◆ Source material ◆
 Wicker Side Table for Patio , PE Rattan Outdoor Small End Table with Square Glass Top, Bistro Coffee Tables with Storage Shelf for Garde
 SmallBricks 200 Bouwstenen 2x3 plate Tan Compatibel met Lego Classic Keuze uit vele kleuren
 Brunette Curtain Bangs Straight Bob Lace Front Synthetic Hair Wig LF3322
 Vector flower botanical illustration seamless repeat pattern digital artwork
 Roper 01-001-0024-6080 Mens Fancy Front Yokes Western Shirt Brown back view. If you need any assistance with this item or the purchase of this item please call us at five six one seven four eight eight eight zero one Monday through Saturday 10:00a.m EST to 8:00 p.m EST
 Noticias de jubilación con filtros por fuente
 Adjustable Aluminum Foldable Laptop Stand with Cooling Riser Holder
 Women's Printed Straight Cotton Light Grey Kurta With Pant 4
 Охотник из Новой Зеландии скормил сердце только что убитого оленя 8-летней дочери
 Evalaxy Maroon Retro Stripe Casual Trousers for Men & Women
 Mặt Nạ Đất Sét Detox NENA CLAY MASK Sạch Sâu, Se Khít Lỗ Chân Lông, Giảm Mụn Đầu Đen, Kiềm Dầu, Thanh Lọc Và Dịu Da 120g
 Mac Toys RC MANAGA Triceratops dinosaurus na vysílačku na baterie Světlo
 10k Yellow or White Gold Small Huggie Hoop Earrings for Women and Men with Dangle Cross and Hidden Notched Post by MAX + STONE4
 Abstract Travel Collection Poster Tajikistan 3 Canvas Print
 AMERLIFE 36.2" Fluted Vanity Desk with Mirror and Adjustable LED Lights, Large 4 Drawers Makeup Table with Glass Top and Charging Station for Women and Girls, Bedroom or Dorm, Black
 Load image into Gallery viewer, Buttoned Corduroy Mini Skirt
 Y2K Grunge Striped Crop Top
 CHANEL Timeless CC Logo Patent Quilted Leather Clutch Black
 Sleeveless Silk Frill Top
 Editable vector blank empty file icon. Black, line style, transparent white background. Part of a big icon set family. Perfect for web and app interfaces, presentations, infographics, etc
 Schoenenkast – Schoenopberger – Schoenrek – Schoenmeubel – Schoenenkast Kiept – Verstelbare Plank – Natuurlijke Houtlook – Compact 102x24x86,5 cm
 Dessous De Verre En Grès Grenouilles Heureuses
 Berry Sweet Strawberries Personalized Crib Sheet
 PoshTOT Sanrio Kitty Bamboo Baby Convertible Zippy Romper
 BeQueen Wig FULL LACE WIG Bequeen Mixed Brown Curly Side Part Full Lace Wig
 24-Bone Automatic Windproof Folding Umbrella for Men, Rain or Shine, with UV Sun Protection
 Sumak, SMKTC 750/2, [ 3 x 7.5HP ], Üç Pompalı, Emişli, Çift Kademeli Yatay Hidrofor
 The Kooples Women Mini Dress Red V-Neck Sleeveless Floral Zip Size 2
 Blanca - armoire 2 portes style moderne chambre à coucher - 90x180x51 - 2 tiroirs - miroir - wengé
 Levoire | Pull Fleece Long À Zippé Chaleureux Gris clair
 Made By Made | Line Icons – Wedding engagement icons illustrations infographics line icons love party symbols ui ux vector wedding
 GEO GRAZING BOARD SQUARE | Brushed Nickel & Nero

◆ Aim of the task ◆
What the exercise needs is every record again, word for word.

◆ Answer to this task ◆
 Wicker Side Table for Patio , PE Rattan Outdoor Small End Table with Square Glass Top, Bistro Coffee Tables with Storage Shelf for Garde
 SmallBricks 200 Bouwstenen 2x3 plate Tan Compatibel met Lego Classic Keuze uit vele kleuren
 Brunette Curtain Bangs Straight Bob Lace Front Synthetic Hair Wig LF3322
 Vector flower botanical illustration seamless repeat pattern digital artwork
 Roper 01-001-0024-6080 Mens Fancy Front Yokes Western Shirt Brown back view. If you need any assistance with this item or the purchase of this item please call us at five six one seven four eight eight eight zero one Monday through Saturday 10:00a.m EST to 8:00 p.m EST
 Noticias de jubilación con filtros por fuente
 Adjustable Aluminum Foldable Laptop Stand with Cooling Riser Holder
 Women's Printed Straight Cotton Light Grey Kurta With Pant 4
 Охотник из Новой Зеландии скормил сердце только что убитого оленя 8-летней дочери
 Evalaxy Maroon Retro Stripe Casual Trousers for Men & Women
 Mặt Nạ Đất Sét Detox NENA CLAY MASK Sạch Sâu, Se Khít Lỗ Chân Lông, Giảm Mụn Đầu Đen, Kiềm Dầu, Thanh Lọc Và Dịu Da 120g
 Mac Toys RC MANAGA Triceratops dinosaurus na vysílačku na baterie Světlo
 10k Yellow or White Gold Small Huggie Hoop Earrings for Women and Men with Dangle Cross and Hidden Notched Post by MAX + STONE4
 Abstract Travel Collection Poster Tajikistan 3 Canvas Print
 AMERLIFE 36.2" Fluted Vanity Desk with Mirror and Adjustable LED Lights, Large 4 Drawers Makeup Table with Glass Top and Charging Station for Women and Girls, Bedroom or Dorm, Black
 Load image into Gallery viewer, Buttoned Corduroy Mini Skirt
 Y2K Grunge Striped Crop Top
 CHANEL Timeless CC Logo Patent Quilted Leather Clutch Black
 Sleeveless Silk Frill Top
 Editable vector blank empty file icon. Black, line style, transparent white background. Part of a big icon set family. Perfect for web and app interfaces, presentations, infographics, etc
 Schoenenkast – Schoenopberger – Schoenrek – Schoenmeubel – Schoenenkast Kiept – Verstelbare Plank – Natuurlijke Houtlook – Compact 102x24x86,5 cm
 Dessous De Verre En Grès Grenouilles Heureuses
 Berry Sweet Strawberries Personalized Crib Sheet
 PoshTOT Sanrio Kitty Bamboo Baby Convertible Zippy Romper
 BeQueen Wig FULL LACE WIG Bequeen Mixed Brown Curly Side Part Full Lace Wig
 24-Bone Automatic Windproof Folding Umbrella for Men, Rain or Shine, with UV Sun Protection
 Sumak, SMKTC 750/2, [ 3 x 7.5HP ], Üç Pompalı, Emişli, Çift Kademeli Yatay Hidrofor
 The Kooples Women Mini Dress Red V-Neck Sleeveless Floral Zip Size 2
 Blanca - armoire 2 portes style moderne chambre à coucher - 90x180x51 - 2 tiroirs - miroir - wengé
 Levoire | Pull Fleece Long À Zippé Chaleureux Gris clair
 Made By Made | Line Icons – Wedding engagement icons illustrations infographics line icons love party symbols ui ux vector wedding
 GEO GRAZING BOARD SQUARE | Brushed Nickel & Nero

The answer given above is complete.